*About this task*: The entries are to be repeated in full, without any change.

○ ○ ○ ○

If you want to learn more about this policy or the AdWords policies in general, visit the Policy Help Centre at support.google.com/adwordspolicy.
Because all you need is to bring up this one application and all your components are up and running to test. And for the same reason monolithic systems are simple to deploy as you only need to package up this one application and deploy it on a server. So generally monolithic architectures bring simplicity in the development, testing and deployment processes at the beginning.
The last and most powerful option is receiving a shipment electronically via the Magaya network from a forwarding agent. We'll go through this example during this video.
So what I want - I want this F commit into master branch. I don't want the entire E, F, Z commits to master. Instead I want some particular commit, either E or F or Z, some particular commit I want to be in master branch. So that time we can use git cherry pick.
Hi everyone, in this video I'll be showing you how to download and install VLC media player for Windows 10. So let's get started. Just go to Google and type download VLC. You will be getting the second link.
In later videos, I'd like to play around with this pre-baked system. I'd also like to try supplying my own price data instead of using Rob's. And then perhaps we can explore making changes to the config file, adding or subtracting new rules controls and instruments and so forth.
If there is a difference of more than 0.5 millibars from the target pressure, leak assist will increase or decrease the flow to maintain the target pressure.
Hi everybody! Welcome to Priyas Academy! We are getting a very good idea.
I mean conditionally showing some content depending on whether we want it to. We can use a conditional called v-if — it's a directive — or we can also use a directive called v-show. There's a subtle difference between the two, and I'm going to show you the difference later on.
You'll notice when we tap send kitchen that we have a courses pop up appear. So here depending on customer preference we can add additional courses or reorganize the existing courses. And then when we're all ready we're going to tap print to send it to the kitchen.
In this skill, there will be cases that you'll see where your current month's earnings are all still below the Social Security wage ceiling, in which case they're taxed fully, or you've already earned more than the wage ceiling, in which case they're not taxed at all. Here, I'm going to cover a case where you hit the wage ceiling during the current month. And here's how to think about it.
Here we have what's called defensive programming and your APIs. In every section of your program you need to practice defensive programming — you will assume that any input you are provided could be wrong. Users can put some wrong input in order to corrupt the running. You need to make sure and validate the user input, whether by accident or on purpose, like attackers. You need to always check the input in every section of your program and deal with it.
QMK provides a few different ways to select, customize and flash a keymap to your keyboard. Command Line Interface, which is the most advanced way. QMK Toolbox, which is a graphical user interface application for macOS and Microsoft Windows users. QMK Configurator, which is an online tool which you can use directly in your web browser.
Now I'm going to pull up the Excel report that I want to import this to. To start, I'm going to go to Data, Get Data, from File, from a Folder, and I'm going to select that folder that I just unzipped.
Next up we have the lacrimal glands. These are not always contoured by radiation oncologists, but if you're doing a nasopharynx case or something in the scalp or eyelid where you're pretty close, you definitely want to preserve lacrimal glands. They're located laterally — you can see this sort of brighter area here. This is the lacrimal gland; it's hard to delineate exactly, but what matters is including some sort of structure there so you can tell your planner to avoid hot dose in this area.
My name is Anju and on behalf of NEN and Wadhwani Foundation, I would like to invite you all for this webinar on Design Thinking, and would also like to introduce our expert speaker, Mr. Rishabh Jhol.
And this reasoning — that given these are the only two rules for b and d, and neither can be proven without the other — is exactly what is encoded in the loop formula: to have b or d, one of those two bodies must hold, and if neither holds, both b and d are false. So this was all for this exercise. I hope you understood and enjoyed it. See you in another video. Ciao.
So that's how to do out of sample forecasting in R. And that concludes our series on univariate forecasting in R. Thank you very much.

○ ○ ○ ○

*Exercise result*:
If you want to learn more about this policy or the AdWords policies in general, visit the Policy Help Centre at support.google.com/adwordspolicy.
Because all you need is to bring up this one application and all your components are up and running to test. And for the same reason monolithic systems are simple to deploy as you only need to package up this one application and deploy it on a server. So generally monolithic architectures bring simplicity in the development, testing and deployment processes at the beginning.
The last and most powerful option is receiving a shipment electronically via the Magaya network from a forwarding agent. We'll go through this example during this video.
So what I want - I want this F commit into master branch. I don't want the entire E, F, Z commits to master. Instead I want some particular commit, either E or F or Z, some particular commit I want to be in master branch. So that time we can use git cherry pick.
Hi everyone, in this video I'll be showing you how to download and install VLC media player for Windows 10. So let's get started. Just go to Google and type download VLC. You will be getting the second link.
In later videos, I'd like to play around with this pre-baked system. I'd also like to try supplying my own price data instead of using Rob's. And then perhaps we can explore making changes to the config file, adding or subtracting new rules controls and instruments and so forth.
If there is a difference of more than 0.5 millibars from the target pressure, leak assist will increase or decrease the flow to maintain the target pressure.
Hi everybody! Welcome to Priyas Academy! We are getting a very good idea.
I mean conditionally showing some content depending on whether we want it to. We can use a conditional called v-if — it's a directive — or we can also use a directive called v-show. There's a subtle difference between the two, and I'm going to show you the difference later on.
You'll notice when we tap send kitchen that we have a courses pop up appear. So here depending on customer preference we can add additional courses or reorganize the existing courses. And then when we're all ready we're going to tap print to send it to the kitchen.
In this skill, there will be cases that you'll see where your current month's earnings are all still below the Social Security wage ceiling, in which case they're taxed fully, or you've already earned more than the wage ceiling, in which case they're not taxed at all. Here, I'm going to cover a case where you hit the wage ceiling during the current month. And here's how to think about it.
Here we have what's called defensive programming and your APIs. In every section of your program you need to practice defensive programming — you will assume that any input you are provided could be wrong. Users can put some wrong input in order to corrupt the running. You need to make sure and validate the user input, whether by accident or on purpose, like attackers. You need to always check the input in every section of your program and deal with it.
QMK provides a few different ways to select, customize and flash a keymap to your keyboard. Command Line Interface, which is the most advanced way. QMK Toolbox, which is a graphical user interface application for macOS and Microsoft Windows users. QMK Configurator, which is an online tool which you can use directly in your web browser.
Now I'm going to pull up the Excel report that I want to import this to. To start, I'm going to go to Data, Get Data, from File, from a Folder, and I'm going to select that folder that I just unzipped.
Next up we have the lacrimal glands. These are not always contoured by radiation oncologists, but if you're doing a nasopharynx case or something in the scalp or eyelid where you're pretty close, you definitely want to preserve lacrimal glands. They're located laterally — you can see this sort of brighter area here. This is the lacrimal gland; it's hard to delineate exactly, but what matters is including some sort of structure there so you can tell your planner to avoid hot dose in this area.
My name is Anju and on behalf of NEN and Wadhwani Foundation, I would like to invite you all for this webinar on Design Thinking, and would also like to introduce our expert speaker, Mr. Rishabh Jhol.
And this reasoning — that given these are the only two rules for b and d, and neither can be proven without the other — is exactly what is encoded in the loop formula: to have b or d, one of those two bodies must hold, and if neither holds, both b and d are false. So this was all for this exercise. I hope you understood and enjoyed it. See you in another video. Ciao.
So that's how to do out of sample forecasting in R. And that concludes our series on univariate forecasting in R. Thank you very much.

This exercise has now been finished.